For the last few years I’ve been on a quest to try and understand not just how the Web has changed the world, but also how the world is changing the Web. At best, it’s been a quixotic adventure. You glimpse fragments of strange divergences where local cultures collide with cyberspace, yet the bigger picture remains just out of reach. But sometimes like any good detective story, the best way to solve a mystery is to take the simplest course of action.
Follow the money.
Over the last few years, how we buy things has changed dramatically. We discover brands through our social connections - not just through traditional marketing; the store shelves we choose from are infinite in size - not just limited to physical scale; and we pay for things not just in cash or credit but with the very mobile devices that define our new digital lifestyles.
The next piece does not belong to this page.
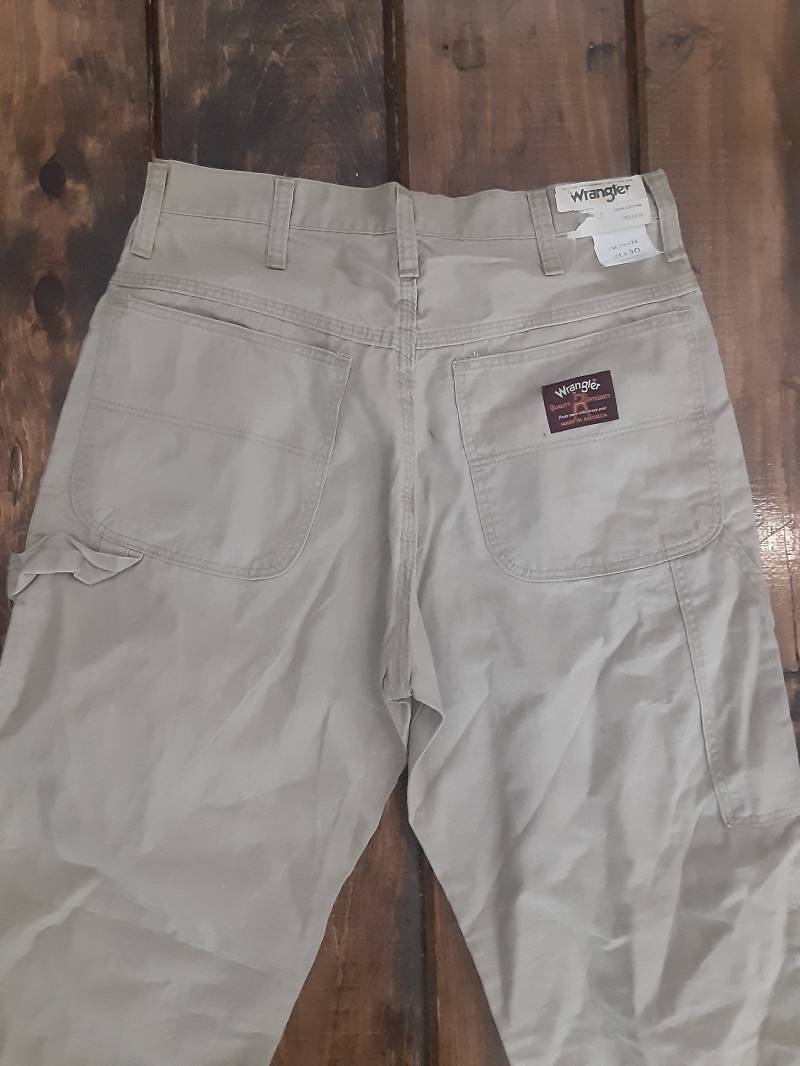 Vintage Deadstock Baumwolle Wrangler Maler Jean Nos Herren 31x30 28x34 27x32 Hi Rise Hose Usa Str Bein Tragen Sneaker Schuh Boot Jacke Mantel Kleid von MitchAmericanvintage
Interestingly, the seismic shifts in retail have been a global not just a Western phenomenon.
I recently collaborated with Paypal in a landmark study on global online consumer behaviour. The research identified 94 million cross-border shoppers across six key markets, who will spend a total of US$105 billion this year, representing 16% of all online shopping. That number will grow to 130 million by 2018, spending US$307 billion. You can read the detailed analysis in the report or watch the video, but the intriguing part of the study is why people shop overseas and what that might mean for the future of the Web.
As you would expect, a big factor in cross-border trade is price. The top reason for buying online from overseas was to ‘save money’ (80% of respondents). Consumers are getting smarter at exploiting the price and currency differences in overseas markets, whether it be American’s buying clothing and beauty products from the UK, Brazilians buying electronics from the US, or the Chinese buying just about everything from America. But that’s only part of the story.
The second most important consideration that emerged from the research was that consumers bought overseas to get ‘more variety that cannot be found locally’ (79%). In my view, what this number reflects is a new phase of global digital culture. The Web has not only transformed the way goods are bought and sold, it has provided a new platform for consumers to discover and share stories of exotic brands far from home.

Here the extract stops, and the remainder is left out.